Anti-Gun, Pro-Second Amendment - jballanc
https://medium.com/@manhattanmetric/anti-gun-pro-second-amendment-e37e427ef7d6
======
wahern
The author makes the same mistake many Americans do: that the Bill of Rights
was about preserving individual liberty. But the Bill of Rights was
principally concerned with explicitly outlining the limits to Federal power,
_especially_ as Federal powers potentially conflicted with State powers.

That's why the First Amendment begins with "Congress shall make no law".
States were of course free to makes laws respecting the establishment of
religion or abridging the freedom of speech. And they did. Massachusetts, for
example, made membership in a Christian church _mandatory_. Part of the
purpose of the amendment was literally to preserve the ability for states to
abridge those freedoms as they saw fit under their own law.

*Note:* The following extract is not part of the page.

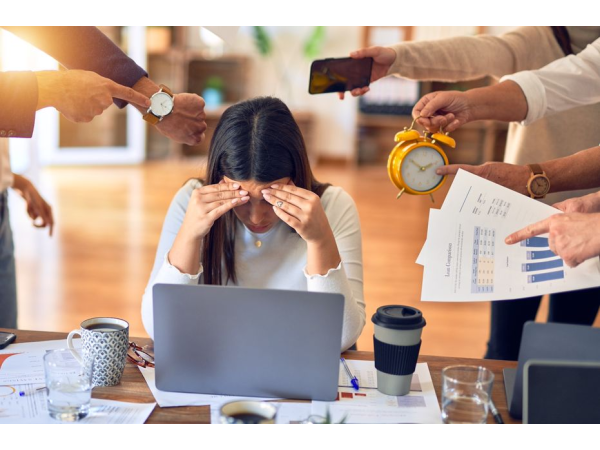 Munkahelyi stressz, stresszkezelés, stressz menedzsment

Similarly, this is why the Second Amendment says "being necessary to the
security of a free State". "State" isn't referring to the United States or the
abstract concept of a state, but literally to the various States of the new
federation. The Federal constitution gave the President executive power over
state militias, and Congress the power to regulate them. But what if a State
wanted to use its militia to put down internal dissent (like a slave
rebellion), or repel external invaders (Indians, Spanish settlers, etc) at a
time when the President or Congress, for foreign policy or other national
concerns, were hesitant to act? The States wanted to make sure that their
militia couldn't be disarmed, or be forced to keep their arms in federally
controlled depots, leaving the state entirely at the mercy of the Federal
government for its self defense. Indeed, the extent to which the Federal
government could control state militias was one the _most_ contentious areas
of debate surrounding ratification of the Constitution.

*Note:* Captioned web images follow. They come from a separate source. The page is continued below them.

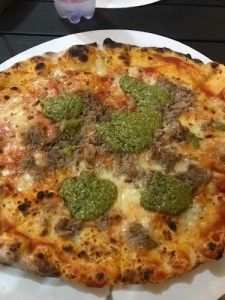 pizzeria la diavola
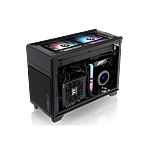 Thermaltake TR100  Caja Mini ITX Acero SPCC USB 32 Negra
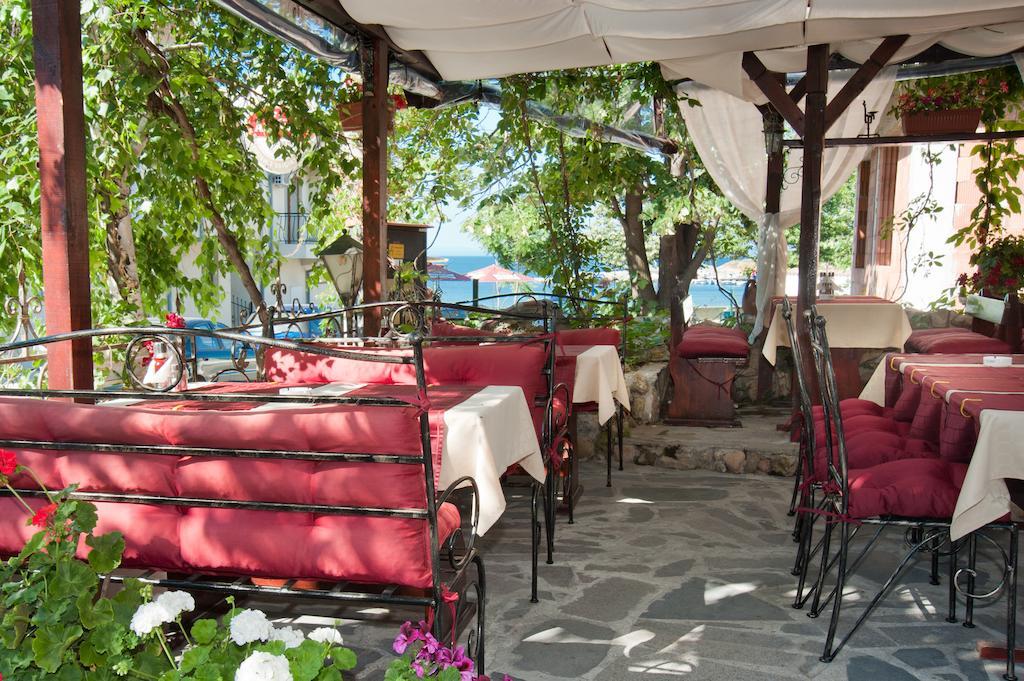 Vromos Guest House Chernomorets Eksteriør billede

To be sure many State constitutions had clauses regarding freedom of speech,
the right to guns, etc. But they were worded quite differently, diverse in
their text and in their interpretation under State law. Importantly they were
typically interpreted much less strictly--largely because it was felt that
State governments were far more democratic, legitimizing any restrictions
passed by legislatures. The history matters if you're going to draw grand
conclusions. In as much as the Federal government today can be considered more
democratic (we do elect our Senators by popular vote, now), then 18th century
logic suggests we should be more tolerant of Congress directly limiting
individual freedoms, at least as an abstract matter--before we get to the
question of what precisely the Federal constitution permits.

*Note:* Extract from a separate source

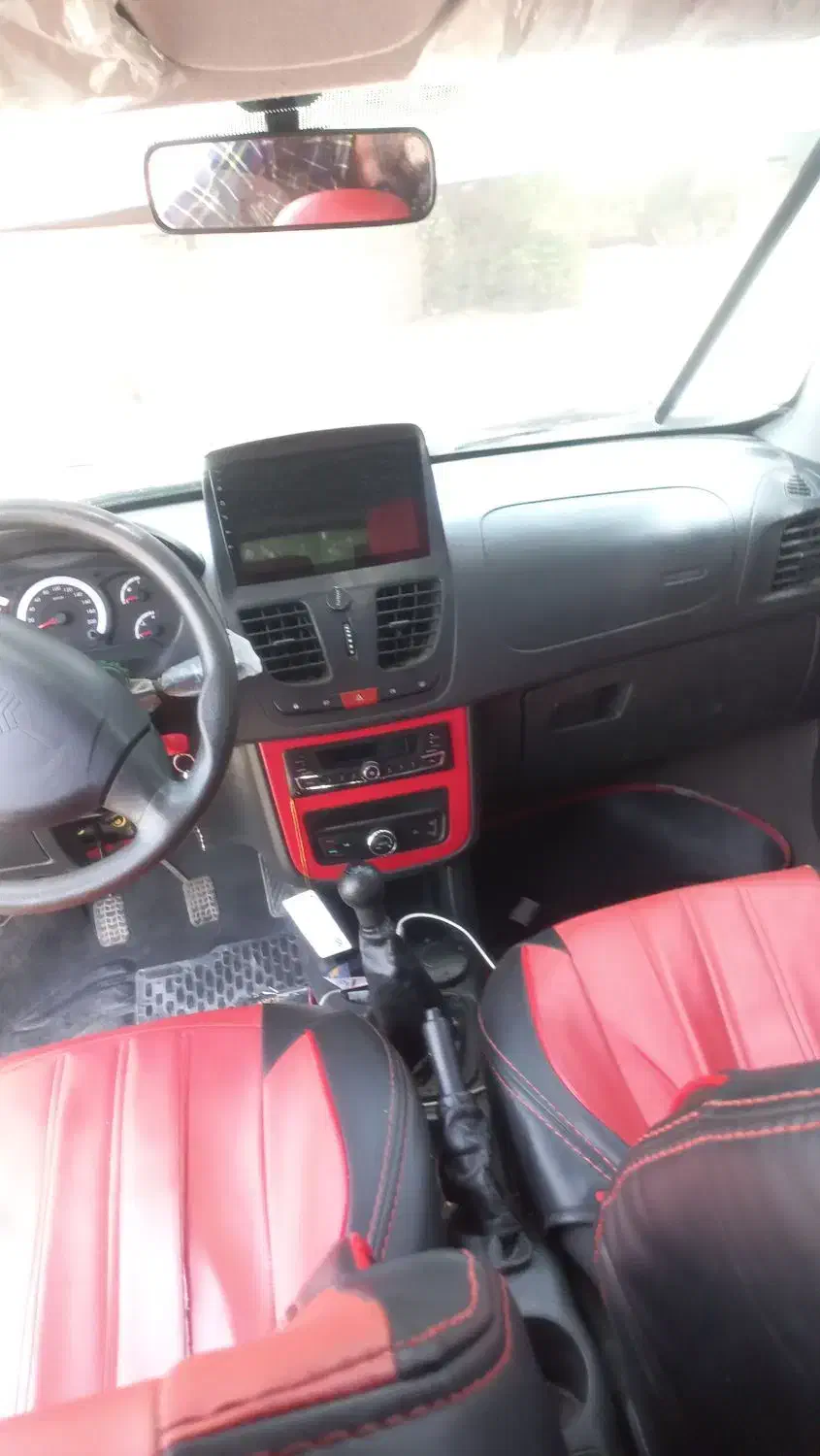 کوییک r.مدل ۴۰۲|خودرو سواری و وانت|فاریاب, |دیوار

It's also worth mentioning that the phrase "the people" _usually_ referred to
the people of each state as distinct bodies; and very often the people of each
state as assembled and represented by their legislature. There was a strong
debate about whether the United States had a singular body politic of "the
people", from which it derived its legitimacy, or whether it was purely a
creation of the States. At the founding the majority opinion was firmly in the
latter camp. It wasn't until the Civil War that this conception had clearly
shifted. Abraham Lincoln's famous line from the Gettysburg address,

    
    
      that this nation, under God, shall have a new birth of
      freedom--that government of the people, by the people, for
      the people, shall not perish from the earth
    

establishes the Federal government as deriving its powers directly from, and
directly owing allegiance to "the people" of the nation as a whole, without
States as intermediaries. Another way to parse what Lincoln was saying was
that the Federal government had a duty to protect those people--e.g. slaves--
who were being oppressed by the State in which they resided. The notion that
the Federal government would ever be in a position, let alone have a duty, to
protect people from the laws in their own States would be, to say the least,
virtually unthinkable to the Founders.